**Problem requirements:**
Go to the line holding "Coppia tappeti in" in the data below and repeat it exactly, then each line after it up to and including the one holding "Personalized Colorado Avalanche". Omit pictures.

(Collection entries)
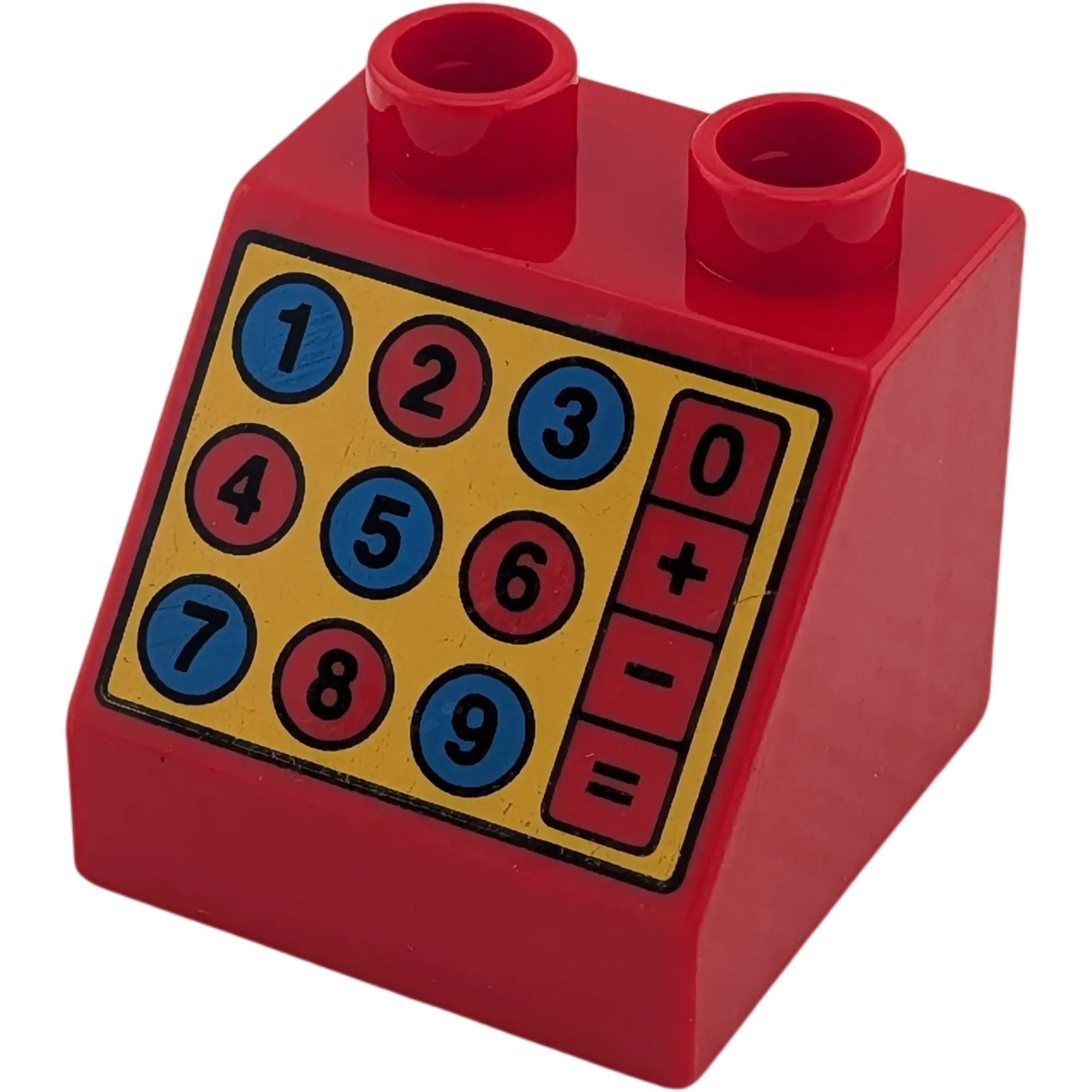 Lego Duplo 6474 Schrägstein 2x2x1 Rot Kasse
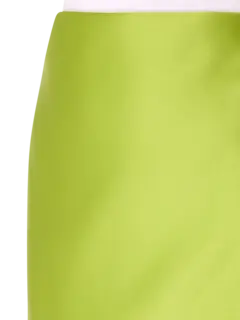 تنورة دوتشيس قصيرة بتفاصيل ملفوفة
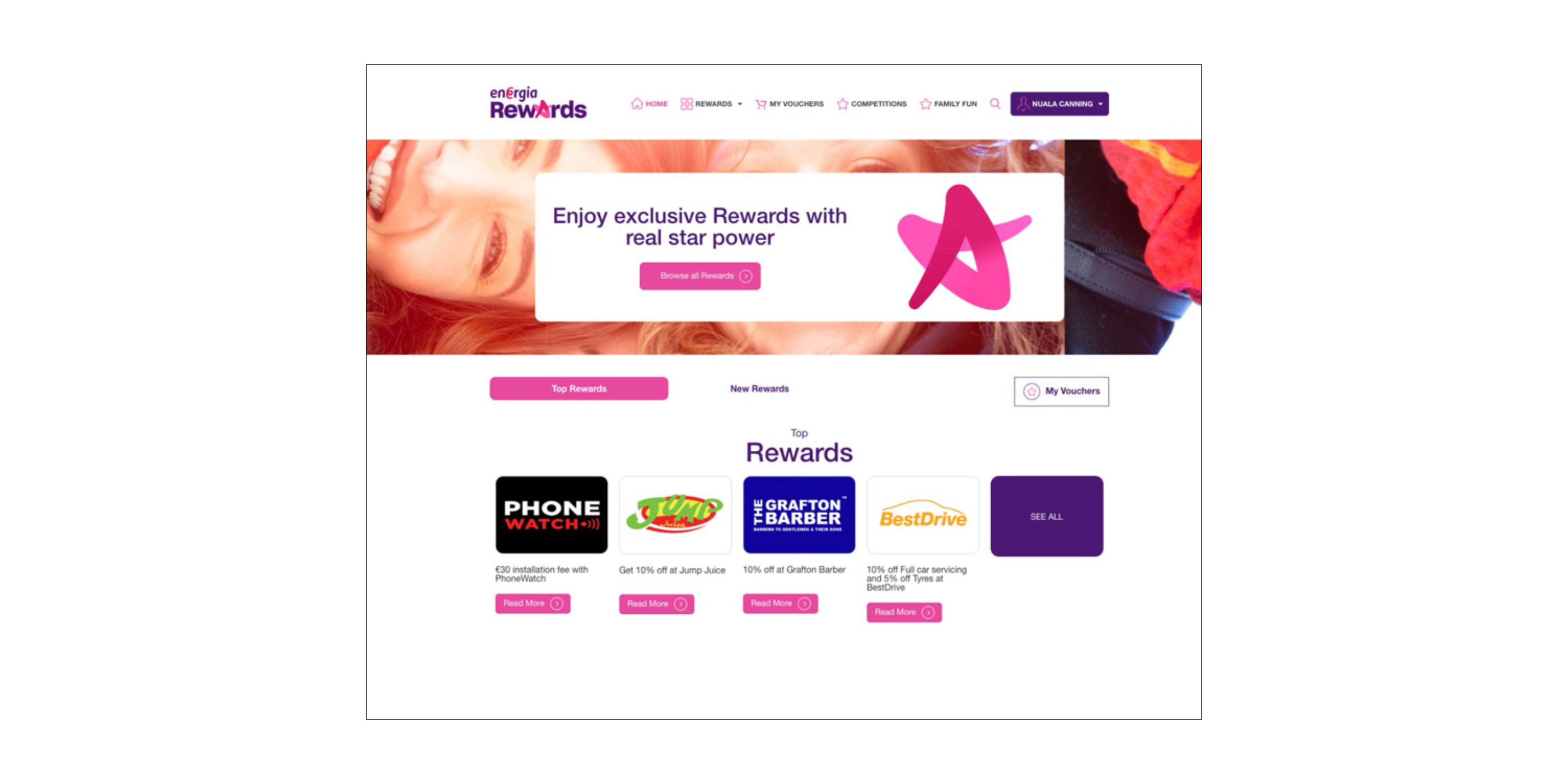 Rewards & Coupons Dashboard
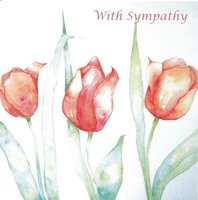 Sympathy Card CAL139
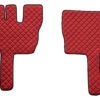 Coppia tappeti in Skeentex - Rosso - compatibile per Volvo FM (03/13>10/21)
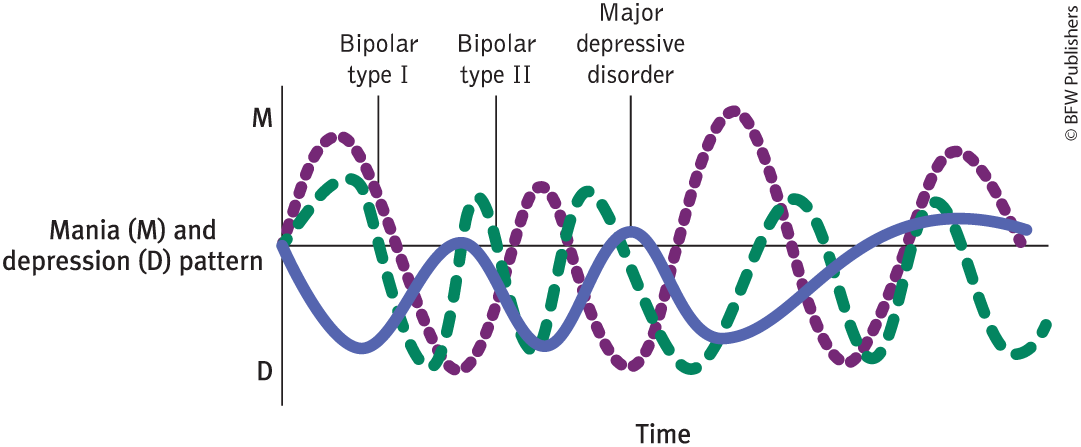 <p><span>the most severe form, in which people experience a euphoric, talkative, highly energetic, and overly ambitious state that lasts a week or longer.</span></p>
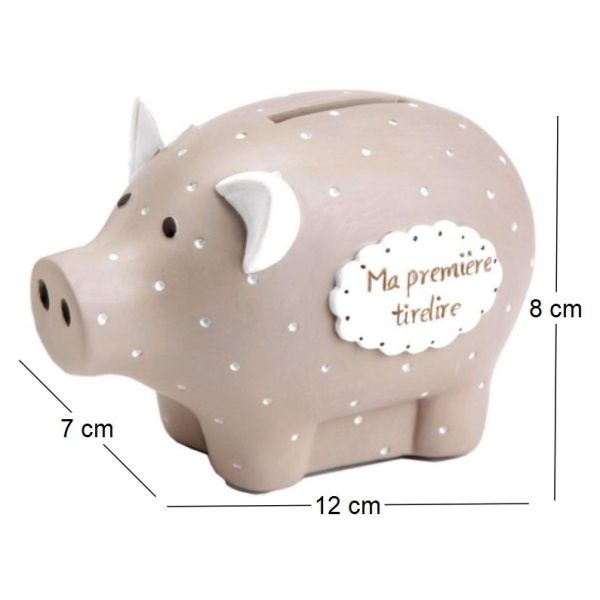 Cochon tirelire Ma première tirelire - AMA-0975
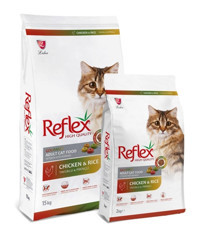 Reflex Gourmet Pirinç-Tavuklu Yetişkin Kuru Kedi Maması 15 kg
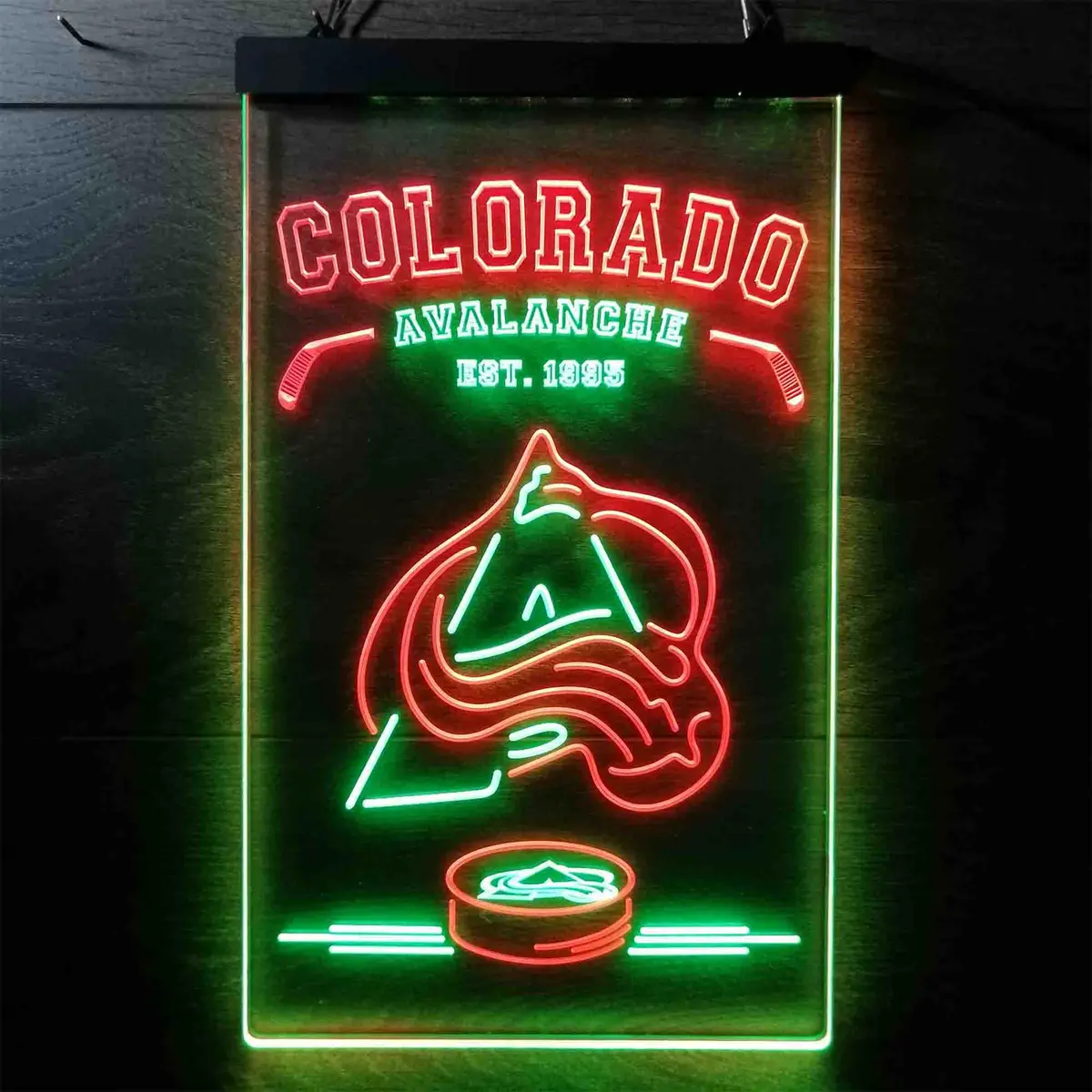 Personalized Colorado Avalanche Neon-Like Led Sign 13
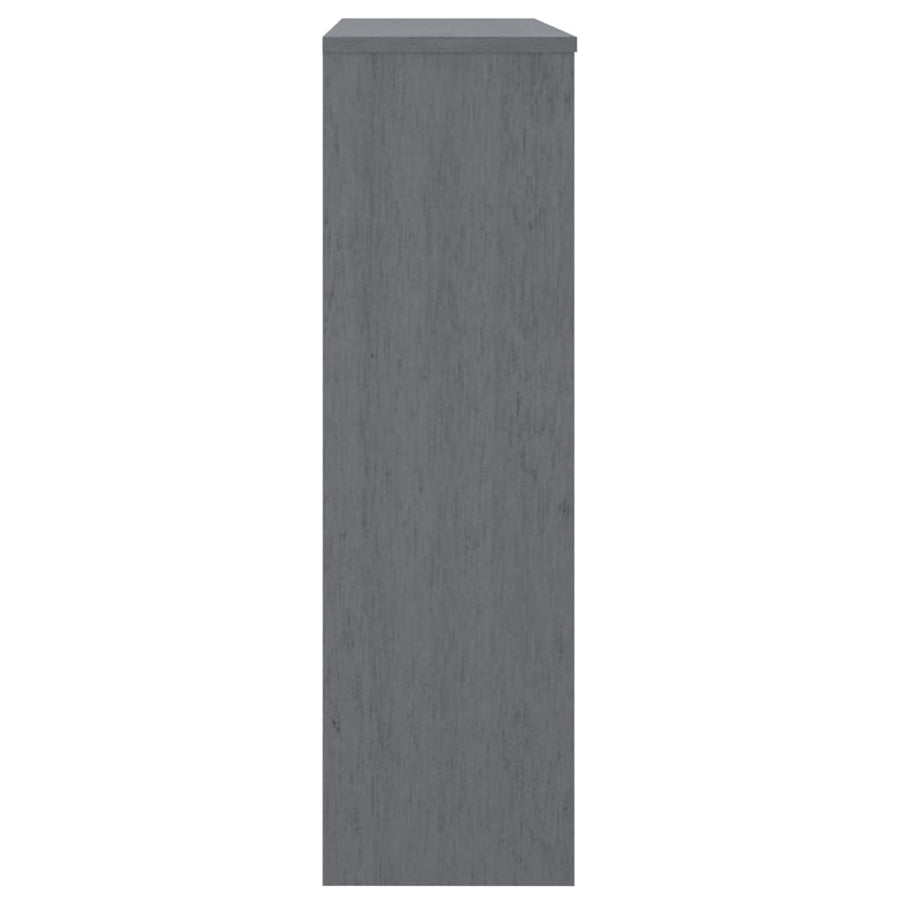 Opzetkast Hamar 90X30X00 Cm Massief Grenenhout Donkergrijs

**Solution to the exercise:**
 Coppia tappeti in Skeentex - Rosso - compatibile per Volvo FM (03/13>10/21)
 <p><span>the most severe form, in which people experience a euphoric, talkative, highly energetic, and overly ambitious state that lasts a week or longer.</span></p>
 Cochon tirelire Ma première tirelire - AMA-0975
 Reflex Gourmet Pirinç-Tavuklu Yetişkin Kuru Kedi Maması 15 kg
 Personalized Colorado Avalanche Neon-Like Led Sign 13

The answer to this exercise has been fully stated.